Swamidass and Baldi - http://www.igb.uci.edu/~pfbaldi/download/download.inc.php?pi... . With a followup in Nasr, Hirschberg and Baldi - Hashing Algorithms and Data Structures for Rapid Searches of Fingerprint Vectors http://www.ncbi.nlm.nih.gov/pmc/articles/PMC2926297/ .

Both emphasize the Jaccard-Tanimoto similarity, which is a bit more complicated than the Hamming. The ideas are easily ported to a Hamming search.

The first paper uses the pre-computed popcount, like I mentioned. I don't recall if it also suggests sorting by popcount, but that's what I do. If both {N} and {M} are pre-sorted then you'll improve cache coherency, because the queries for |n|=i all search the same subrange of i-2<=|m|<=i+2. This is also easy to parallelize with OpenMP.

The second paper observes that you can precompute additional information. For example, consider the subset of M where |m| = 100. You could also compute the popcount of just the first 1/2 of each m, or the popcount of the even numbered bits. This must also be within +/-2 of the popcount same subset of your query.

That is, if the first 1/2 of your query had 40 bits set (so the remainder had 60 bits set) then you can only match those {m} where the first 1/2 set between 38 and 42 bits.

The downside of more subdivisions like this is the increased amount of index overhead and the increased number of if/branches. At some point it's faster to just do a brute force linear search.

On my laptop, with 1024 bit strings, I can do 1M x 1M tests (with a high threshold like what you suggest) within a few hours, giving the pruning from just the first paper.

Send me an email (if my HN account name is ${U} then I'm ${U}@${U}scientific.com ) and with some sample data and I'll see if my code works for what you need, and give you a pointer to the code.

Huh? I cannot reconcile that with what you wrote earlier: "I'm currently trying to find similar strings (max hamming of 2) between two very large (1e9) sets."
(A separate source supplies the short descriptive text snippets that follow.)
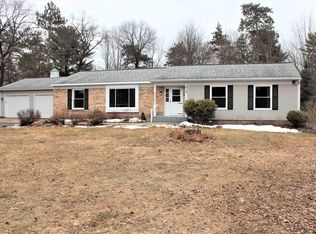 915 Stonebridge Rd, Kronenwetter, WI 54455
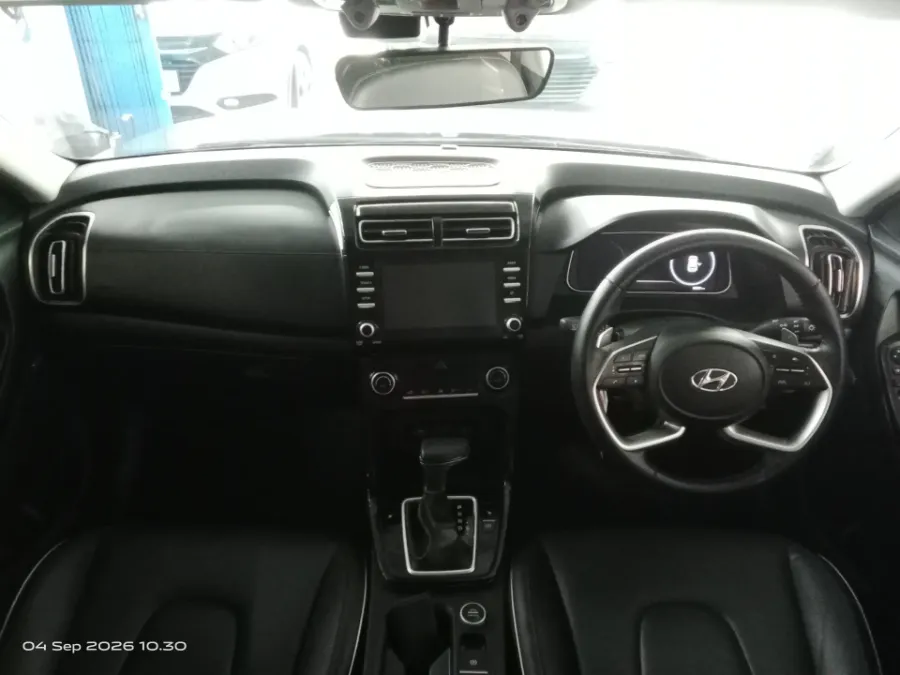 Foto Mobil Bekas Dashboard Hyundai Creta 1.5 Prime tahun 2022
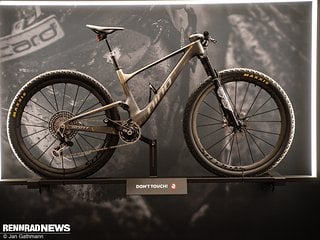 Zu seinem 34. World Cup-Sieg hat Nino Schurter dieses ganz besondere Nino Spark bekommen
'Hamming' I only know as Hamming distance (https://en.m.wikipedia.org/wiki/Hamming_distance).

If that is what you are referring to, the first thing I would do is to divide and conquer by splitting the sets of strings by length (Hamming distance isn't defined for strings of unequal length)

After that, I would handle the larger strings by deriving 3 about-equal sized string keys from them. For example, split strings of length 14 in parts of lengths 5, 5, and 4. If two of the strings have Hamming distance <= 2, one of those derived keys must be equal in both strings by the pigeonhole principle. For length 14, and assuming a ACGT alphabet (or am I showing my ignorance here?), that divides and conquers by a factor 256 or 1024. Since the naive "compare all pairs" algorithm is O(nm) for sets of size n and m, respectively, in comparisons, that should get you a speed up of a factor of at least 4 orders of magnitude.

Another approach might be to consider all possible pairs of replacements, and check whether they could make the strings equal. For example, assume the errors are that one A got replaced by a C and one T by an A. Then, do a replace all in all strings for those replacements, look for duplicates in the results, and then check the Hamming distances between the original strings that became equal after making those replacements (I would guess it isn't necessary to physically do the string replacements; adjusting the comparison function during sorting may be faster)

Again assuming a small alphabet, that should be doable, as all possible pairs of replacements isn't that many pairs.

And of course, the two can be combined.

(It would be a bit more messy to implement and would give a bit less of a speed up, but I think the gist of the above would work fine if you meant edit distance instead of Hamming distance)

Edit: an alternative could be to split each string in trigrams ("abcde" => {"abc", "bcd", "cde"}), index them with some text search engine such as Lucene, using no tokenizer, and then do a billion searches in that set. Anything with few changes will end up high in the search results there, and it is fairly easy to determine hard bounds there. At 10ms per search and 1E9 searches, that would 'only' take 1E8 seconds, or 3 years. It is easily parallelized and distributed, though.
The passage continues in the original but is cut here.